La sécheresse et les canicules entrainent, en cave, une montée en degrés des vins. Certaines régions – telles que le Beaujolais ou la Bourgogne – en tirent bénéfices, voient leurs vins s’étoffer. Qu’en est-il pour vous ?

« Je ne suis pas certain que nous ayons quelque chose a y gagner sur la qualité de production, de notre côté. Nos vins plaisent pour leur fraîcheur, leur vivacité. Pour l’instant, nous arrivons à la contenir par diverses techniques. Cette montée en degré d’alcool pourrait alourdir les vins si elle devenait vraiment trop forte… Mes rouges sont actuellement à 13,5°. Mes Sauvignons blancs oscillent entre 12,5° et 14°. C’est 1 degré de plus que les indications de l’Inao, Institut de l’origine et de la qualité des vins. »

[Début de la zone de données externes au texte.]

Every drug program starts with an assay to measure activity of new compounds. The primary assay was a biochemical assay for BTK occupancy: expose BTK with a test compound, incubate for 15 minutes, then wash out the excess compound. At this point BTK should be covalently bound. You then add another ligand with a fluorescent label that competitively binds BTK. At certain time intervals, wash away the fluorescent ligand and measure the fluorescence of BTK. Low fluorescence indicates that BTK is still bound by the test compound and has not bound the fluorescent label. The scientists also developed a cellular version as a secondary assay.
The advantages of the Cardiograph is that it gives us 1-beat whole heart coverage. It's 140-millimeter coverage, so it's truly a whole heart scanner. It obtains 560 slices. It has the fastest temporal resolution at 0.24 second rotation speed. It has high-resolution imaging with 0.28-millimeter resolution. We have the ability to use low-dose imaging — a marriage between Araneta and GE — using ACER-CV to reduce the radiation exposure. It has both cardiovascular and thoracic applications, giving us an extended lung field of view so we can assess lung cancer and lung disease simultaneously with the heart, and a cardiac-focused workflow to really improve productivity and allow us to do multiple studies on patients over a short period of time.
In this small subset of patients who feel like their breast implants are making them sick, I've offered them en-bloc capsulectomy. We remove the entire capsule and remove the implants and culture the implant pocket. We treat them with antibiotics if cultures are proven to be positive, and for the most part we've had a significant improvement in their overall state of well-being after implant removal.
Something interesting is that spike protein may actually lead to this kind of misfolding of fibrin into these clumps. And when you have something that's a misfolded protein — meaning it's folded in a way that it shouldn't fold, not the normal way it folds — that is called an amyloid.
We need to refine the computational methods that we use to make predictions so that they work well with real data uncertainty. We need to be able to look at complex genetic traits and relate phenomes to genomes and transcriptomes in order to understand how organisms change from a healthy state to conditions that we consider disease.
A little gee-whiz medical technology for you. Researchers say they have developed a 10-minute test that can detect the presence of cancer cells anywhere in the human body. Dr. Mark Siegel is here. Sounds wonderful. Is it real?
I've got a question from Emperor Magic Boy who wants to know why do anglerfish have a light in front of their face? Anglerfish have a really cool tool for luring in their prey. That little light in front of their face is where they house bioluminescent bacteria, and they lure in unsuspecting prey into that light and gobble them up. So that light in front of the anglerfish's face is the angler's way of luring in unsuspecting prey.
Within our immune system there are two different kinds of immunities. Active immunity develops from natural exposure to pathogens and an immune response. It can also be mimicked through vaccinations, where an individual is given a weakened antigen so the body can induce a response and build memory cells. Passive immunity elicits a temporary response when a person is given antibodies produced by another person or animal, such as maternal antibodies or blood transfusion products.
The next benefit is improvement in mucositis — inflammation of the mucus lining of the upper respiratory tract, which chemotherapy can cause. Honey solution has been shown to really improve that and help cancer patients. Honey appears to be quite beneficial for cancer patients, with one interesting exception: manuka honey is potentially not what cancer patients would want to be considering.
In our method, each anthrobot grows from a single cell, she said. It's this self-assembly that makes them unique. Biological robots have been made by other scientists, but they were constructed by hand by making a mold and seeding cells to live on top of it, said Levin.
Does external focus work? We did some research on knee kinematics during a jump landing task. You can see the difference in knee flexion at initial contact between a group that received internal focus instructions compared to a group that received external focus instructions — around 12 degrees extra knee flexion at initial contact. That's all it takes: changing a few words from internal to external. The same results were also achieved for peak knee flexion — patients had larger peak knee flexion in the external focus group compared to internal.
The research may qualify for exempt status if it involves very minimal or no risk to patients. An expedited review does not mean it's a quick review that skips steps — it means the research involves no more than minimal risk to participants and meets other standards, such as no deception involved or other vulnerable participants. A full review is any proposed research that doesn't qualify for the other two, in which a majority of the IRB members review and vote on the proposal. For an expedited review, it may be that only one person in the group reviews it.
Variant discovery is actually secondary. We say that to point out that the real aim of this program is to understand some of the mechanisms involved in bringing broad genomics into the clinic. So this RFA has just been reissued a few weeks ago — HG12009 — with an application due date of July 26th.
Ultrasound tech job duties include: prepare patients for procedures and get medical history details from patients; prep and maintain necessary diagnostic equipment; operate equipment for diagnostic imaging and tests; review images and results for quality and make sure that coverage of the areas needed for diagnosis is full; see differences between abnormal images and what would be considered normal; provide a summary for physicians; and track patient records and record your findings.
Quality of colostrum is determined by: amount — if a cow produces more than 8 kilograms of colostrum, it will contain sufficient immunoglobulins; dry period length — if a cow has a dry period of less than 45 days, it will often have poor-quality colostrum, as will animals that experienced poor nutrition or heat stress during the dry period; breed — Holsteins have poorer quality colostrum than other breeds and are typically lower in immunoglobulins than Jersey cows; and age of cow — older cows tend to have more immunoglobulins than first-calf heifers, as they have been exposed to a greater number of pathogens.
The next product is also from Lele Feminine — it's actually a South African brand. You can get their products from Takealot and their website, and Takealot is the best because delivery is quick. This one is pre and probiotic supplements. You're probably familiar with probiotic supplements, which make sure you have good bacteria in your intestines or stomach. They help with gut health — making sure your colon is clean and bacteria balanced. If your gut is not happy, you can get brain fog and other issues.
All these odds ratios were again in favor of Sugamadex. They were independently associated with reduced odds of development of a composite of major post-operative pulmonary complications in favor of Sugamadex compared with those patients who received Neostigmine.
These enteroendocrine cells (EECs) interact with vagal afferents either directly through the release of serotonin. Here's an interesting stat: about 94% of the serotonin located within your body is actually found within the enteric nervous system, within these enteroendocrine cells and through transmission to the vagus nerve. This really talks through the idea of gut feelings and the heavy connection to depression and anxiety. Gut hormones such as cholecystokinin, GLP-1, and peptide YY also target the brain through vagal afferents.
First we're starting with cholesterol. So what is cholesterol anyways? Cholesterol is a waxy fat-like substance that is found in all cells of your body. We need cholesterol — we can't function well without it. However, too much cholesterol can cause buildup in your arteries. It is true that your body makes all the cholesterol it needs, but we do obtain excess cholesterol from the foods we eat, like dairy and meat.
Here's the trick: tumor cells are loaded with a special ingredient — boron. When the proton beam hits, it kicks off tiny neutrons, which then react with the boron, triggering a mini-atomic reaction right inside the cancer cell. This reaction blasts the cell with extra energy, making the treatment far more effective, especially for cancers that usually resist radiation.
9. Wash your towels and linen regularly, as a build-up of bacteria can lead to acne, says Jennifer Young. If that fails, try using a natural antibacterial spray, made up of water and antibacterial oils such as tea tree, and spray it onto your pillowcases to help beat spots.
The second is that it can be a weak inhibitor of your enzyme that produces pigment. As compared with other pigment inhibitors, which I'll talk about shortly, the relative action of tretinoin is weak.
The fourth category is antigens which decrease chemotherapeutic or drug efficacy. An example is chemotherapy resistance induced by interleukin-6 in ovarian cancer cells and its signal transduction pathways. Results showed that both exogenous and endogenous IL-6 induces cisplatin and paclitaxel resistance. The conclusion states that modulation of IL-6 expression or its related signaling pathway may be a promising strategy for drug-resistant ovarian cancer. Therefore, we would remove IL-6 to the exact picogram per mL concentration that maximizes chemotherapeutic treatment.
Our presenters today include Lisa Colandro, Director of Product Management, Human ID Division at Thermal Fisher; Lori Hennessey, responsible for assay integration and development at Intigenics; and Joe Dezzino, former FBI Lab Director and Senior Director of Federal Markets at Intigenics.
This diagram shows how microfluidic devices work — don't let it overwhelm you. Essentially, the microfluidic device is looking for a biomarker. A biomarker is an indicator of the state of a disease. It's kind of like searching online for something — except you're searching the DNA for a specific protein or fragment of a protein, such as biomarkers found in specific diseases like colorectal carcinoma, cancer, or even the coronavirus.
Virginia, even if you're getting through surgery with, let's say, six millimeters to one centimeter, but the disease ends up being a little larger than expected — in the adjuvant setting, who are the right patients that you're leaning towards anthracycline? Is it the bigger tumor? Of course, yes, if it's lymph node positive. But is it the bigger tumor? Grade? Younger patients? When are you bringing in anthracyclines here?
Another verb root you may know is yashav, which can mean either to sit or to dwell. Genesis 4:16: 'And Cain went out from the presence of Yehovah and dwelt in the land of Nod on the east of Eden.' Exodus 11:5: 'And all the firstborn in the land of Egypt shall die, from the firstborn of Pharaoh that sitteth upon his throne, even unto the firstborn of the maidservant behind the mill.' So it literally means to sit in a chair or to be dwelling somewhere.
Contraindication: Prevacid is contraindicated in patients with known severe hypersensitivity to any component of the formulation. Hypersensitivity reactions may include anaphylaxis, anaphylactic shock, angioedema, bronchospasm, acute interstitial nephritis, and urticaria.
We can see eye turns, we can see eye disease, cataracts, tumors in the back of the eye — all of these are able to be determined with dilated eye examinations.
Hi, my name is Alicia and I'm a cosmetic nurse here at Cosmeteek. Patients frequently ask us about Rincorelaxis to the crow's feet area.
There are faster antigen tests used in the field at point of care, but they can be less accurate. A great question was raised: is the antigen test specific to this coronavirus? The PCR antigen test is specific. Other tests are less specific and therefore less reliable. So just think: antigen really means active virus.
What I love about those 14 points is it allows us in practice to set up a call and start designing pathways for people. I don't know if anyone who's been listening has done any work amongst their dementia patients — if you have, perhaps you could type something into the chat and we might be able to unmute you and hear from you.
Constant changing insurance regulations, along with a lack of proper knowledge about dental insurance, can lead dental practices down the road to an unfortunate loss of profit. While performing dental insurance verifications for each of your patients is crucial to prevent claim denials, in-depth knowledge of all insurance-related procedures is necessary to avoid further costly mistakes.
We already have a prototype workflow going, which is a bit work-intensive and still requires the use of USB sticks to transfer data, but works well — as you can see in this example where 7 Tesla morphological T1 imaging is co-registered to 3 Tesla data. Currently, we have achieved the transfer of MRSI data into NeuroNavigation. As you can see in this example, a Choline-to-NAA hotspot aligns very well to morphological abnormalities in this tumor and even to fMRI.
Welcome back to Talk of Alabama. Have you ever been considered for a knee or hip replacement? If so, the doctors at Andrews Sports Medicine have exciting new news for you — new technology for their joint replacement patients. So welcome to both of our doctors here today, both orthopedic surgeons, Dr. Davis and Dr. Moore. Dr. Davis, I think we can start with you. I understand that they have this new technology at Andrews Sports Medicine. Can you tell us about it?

Pensez-vous que le réchauffement climatique pourrait bouleverser les AOC ?

« Je ne sais pas…Ce qui est sûr c’est que depuis plusieurs années, les choses changent énormément à la vigne comme au chai. Canicules, sécheresse, épisodes de gel impactent la viticulture de plein fouet. C’est pour nous une constante remise en question. Certains vignerons, souvent de la jeune génération, évoluent, font bouger les choses, tentent de nouvelles façon de travailler pour pallier aux problèmes liés au réchauffement climatique. Les solutions techniques existent. Cependant, on doit souvent faire face à des organismes administratifs qui eux, restent dans leur façon de fonctionner. Et le cas se constate dans les appellations anciennes comme les plus récentes, telles que les Côteaux-du-Giennois. »

Comment une jeune appellation trouve t-elle sa place entourée de deux « poids lourds viticoles » tels que Sancerre et fumé?

« Le cheminement n’est pas le même. Des vins issus d’appellations telles que Sancerre se vendent facilement. Les domaines n’ont généralement pas à rechercher des clients. Leur préoccupations se situent davantage sur le rendement. S’il est trop faible, là ils perdent des clients. Pour une jeune appellation, l’enjeu est de se faire connaître auprès du public et des professionnels du vin. Le consommateur n’est plus un buveur d’étiquette. Pour se faire une place aux côtés des ‘grands’, il faut mettre en avant les spécificités du terroir et raconter une histoire autour du produit. Une jeune appellation doit être une porte d’entrée vers les plus prestigieuses. »

Quels sont les avantages d’oeuvrer dans une petite AOC ?

Emmanuel Charrier produit des vins blancs et rouges. Photo DR/E.Charrier.

« Aujourd’hui, les Côteaux-du-Giennois n’ont rien à envier aux autres qualitativement. Les vins sont d’excellent rapport qualité prix, et les terres sont plus abordables lorsque l’on veut s’installer ou s’agrandir. C’est aussi une façon plus libre de travailler, moins codifiée pour nous autres producteurs ».